Atopic dermatitis (AD) exhibits difference in immune polarization between Caucasians and Asian races due to which an evaluation of the efficacy and safety of Pimecrolimus (PIM) in Asian population is called for. The current study addresses the need via a sub-group analysis of the PETITE study (NCT00120523) to evaluate the safety and efficacy of PIM in Chinese infants.

Materials and methods

Patients with AD (≥3 months–<12 months of age) were randomized in a 1:1 ratio to either PIM 1% cream or topical corticosteroids (TCS). The primary endpoint was safety. The secondary endpoint was efficacy.

Results

120 patients were randomized to either PIM 1% or TCS (n = 61 for PIM, n = 59 for TCS). The most often reported adverse events were reported by similar proportions of patients treated with PIM or TCS. There was a progressive increase in overall IGA treatment success in infants treated with PIM (82.9%, p < .05, 95% CI: 70.4, 95.3) after 26 weeks which was comparable to the TCS group (88.5%, p < .05, 95% CI: 79.8, 97.1).

Conclusion

PIM showed an early and sustained efficacy in the Chinese sub-population with a substantial corticosteroid-sparing effect in patients with AD.

1. Introduction

Atopic dermatitis (AD) is a chronic, pruritic inflammatory disease affecting 10–20% of the pediatric population (Citation1). The disease is characterized by pruritus, skin dryness, and other skin lesions such as serous exudate, excoriation, papules, and lichenification. Although the exact cause of AD is unknown, several studies have indicated that the skin epithelial function and innate/adaptive immune responses might be the two main biological pathways responsible for AD etiology (Citation2). The average onset age for AD in China is 0.86 ± 3.87 years with a prevalence of 12.94% among the pediatric population (Citation3). The incidence of AD is rising in China especially in children (Citation4).

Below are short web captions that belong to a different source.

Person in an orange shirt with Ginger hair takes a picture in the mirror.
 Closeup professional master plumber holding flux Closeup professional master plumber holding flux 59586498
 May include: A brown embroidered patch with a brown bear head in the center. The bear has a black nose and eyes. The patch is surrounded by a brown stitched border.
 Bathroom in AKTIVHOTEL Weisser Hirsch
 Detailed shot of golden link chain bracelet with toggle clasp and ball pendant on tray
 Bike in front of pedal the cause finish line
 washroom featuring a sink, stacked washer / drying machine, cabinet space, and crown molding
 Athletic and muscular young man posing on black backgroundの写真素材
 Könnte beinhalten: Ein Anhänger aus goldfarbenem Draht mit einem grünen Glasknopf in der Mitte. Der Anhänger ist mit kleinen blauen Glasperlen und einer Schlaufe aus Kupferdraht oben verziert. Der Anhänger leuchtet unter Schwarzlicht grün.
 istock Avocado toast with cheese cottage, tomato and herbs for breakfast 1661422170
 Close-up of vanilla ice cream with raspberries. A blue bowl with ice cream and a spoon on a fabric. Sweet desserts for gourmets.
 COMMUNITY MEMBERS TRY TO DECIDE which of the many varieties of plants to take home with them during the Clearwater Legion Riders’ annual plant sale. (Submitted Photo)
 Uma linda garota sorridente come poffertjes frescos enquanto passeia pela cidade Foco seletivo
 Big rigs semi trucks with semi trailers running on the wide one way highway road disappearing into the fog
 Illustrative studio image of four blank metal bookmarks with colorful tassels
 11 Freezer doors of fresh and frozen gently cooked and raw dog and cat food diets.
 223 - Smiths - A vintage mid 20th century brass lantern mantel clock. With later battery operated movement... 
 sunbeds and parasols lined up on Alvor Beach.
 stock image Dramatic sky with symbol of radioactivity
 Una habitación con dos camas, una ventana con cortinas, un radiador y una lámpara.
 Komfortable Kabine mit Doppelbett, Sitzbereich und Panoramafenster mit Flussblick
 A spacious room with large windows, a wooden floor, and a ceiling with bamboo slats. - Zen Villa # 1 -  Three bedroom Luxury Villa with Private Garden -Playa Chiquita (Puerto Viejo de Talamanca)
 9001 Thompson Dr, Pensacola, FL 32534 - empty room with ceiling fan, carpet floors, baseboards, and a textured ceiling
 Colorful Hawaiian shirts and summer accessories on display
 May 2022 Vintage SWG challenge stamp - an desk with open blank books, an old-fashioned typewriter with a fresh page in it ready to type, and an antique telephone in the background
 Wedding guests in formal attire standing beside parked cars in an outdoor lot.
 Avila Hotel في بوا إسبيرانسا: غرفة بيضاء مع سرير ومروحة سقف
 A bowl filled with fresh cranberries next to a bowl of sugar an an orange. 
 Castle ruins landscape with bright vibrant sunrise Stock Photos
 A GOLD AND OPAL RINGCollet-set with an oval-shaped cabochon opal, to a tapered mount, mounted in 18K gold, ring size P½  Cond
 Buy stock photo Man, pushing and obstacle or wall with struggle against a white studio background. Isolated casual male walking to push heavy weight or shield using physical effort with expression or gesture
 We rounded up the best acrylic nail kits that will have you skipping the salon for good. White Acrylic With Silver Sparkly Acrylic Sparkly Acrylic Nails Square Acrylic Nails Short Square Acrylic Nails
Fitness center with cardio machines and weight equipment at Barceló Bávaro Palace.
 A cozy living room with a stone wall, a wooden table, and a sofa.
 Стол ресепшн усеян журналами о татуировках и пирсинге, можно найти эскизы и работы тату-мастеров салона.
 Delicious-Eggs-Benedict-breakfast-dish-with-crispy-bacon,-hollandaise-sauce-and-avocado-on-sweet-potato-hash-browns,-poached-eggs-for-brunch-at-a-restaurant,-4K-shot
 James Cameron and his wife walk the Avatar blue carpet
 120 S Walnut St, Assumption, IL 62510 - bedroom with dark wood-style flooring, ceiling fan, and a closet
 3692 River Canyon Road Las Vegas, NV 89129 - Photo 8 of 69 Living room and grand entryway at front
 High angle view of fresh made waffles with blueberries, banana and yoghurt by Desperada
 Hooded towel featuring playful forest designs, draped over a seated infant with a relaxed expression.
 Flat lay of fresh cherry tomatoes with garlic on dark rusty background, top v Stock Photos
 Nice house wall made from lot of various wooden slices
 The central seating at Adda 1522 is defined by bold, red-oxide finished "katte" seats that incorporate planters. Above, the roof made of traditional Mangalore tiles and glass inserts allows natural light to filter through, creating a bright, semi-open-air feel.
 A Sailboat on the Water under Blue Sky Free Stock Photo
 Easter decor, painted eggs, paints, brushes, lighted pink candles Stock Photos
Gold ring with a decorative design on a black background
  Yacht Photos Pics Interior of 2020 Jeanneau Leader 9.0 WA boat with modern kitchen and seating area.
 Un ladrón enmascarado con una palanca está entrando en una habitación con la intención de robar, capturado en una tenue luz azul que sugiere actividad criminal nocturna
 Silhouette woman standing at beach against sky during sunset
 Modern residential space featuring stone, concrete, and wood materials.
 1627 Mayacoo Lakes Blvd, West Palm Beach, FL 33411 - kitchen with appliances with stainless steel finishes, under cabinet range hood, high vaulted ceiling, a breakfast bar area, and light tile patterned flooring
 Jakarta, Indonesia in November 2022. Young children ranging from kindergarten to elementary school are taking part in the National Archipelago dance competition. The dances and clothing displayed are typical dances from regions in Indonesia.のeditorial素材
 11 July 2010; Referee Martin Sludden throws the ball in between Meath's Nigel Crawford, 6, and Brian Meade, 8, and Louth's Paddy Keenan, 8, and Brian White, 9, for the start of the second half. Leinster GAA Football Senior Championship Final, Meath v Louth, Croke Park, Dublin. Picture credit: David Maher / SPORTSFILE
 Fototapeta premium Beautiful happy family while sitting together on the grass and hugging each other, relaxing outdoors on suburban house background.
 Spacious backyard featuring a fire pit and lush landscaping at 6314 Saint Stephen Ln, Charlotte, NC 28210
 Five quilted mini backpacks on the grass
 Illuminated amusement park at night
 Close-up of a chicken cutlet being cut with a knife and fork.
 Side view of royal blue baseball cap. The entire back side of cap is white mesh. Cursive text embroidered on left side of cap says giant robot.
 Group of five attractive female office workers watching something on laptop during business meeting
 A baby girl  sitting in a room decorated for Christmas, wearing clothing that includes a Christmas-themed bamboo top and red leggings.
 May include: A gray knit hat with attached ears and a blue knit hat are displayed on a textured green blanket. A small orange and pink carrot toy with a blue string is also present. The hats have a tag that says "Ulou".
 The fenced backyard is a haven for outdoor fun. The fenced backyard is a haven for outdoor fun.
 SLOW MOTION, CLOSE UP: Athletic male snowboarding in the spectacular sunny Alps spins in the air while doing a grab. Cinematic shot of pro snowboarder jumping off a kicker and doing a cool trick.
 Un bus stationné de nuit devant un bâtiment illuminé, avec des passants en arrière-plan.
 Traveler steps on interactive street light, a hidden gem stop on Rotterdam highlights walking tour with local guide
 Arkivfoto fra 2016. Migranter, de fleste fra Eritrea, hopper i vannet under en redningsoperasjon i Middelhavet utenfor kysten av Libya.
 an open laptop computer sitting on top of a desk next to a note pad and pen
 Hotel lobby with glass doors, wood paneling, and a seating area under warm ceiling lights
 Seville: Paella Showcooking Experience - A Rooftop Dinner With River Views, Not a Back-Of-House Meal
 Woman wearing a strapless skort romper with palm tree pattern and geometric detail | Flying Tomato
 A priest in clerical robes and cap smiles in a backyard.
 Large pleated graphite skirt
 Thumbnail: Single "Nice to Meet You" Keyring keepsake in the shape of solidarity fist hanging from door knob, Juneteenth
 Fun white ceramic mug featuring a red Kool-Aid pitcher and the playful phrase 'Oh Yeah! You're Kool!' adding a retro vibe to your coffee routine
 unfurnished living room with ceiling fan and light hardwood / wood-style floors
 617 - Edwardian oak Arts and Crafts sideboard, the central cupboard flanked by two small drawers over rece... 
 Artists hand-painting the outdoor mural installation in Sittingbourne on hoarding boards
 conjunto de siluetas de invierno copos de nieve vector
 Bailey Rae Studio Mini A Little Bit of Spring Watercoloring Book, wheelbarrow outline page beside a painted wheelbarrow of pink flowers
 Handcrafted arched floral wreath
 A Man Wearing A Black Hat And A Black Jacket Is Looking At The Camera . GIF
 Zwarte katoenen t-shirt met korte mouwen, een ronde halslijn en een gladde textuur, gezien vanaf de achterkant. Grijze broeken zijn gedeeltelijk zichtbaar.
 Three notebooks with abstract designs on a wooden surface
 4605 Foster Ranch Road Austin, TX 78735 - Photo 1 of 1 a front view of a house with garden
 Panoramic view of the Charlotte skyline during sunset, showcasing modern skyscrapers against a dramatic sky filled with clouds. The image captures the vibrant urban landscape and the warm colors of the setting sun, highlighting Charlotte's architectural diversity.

Current treatment standards for AD in infants include the use of emollients and topical corticosteroids (TCS). However, the long term use of TCS is not recommended in infants due to the associated risks and side effects. Long term use of TCS may cause local side effects like skin infections, impairment of the epidermal barrier function, and skin atrophy. Also, ‘corticosteroid phobia’ is increasingly recognized as a significant factor contributing to poor TCS treatment adherence (Citation5,Citation6).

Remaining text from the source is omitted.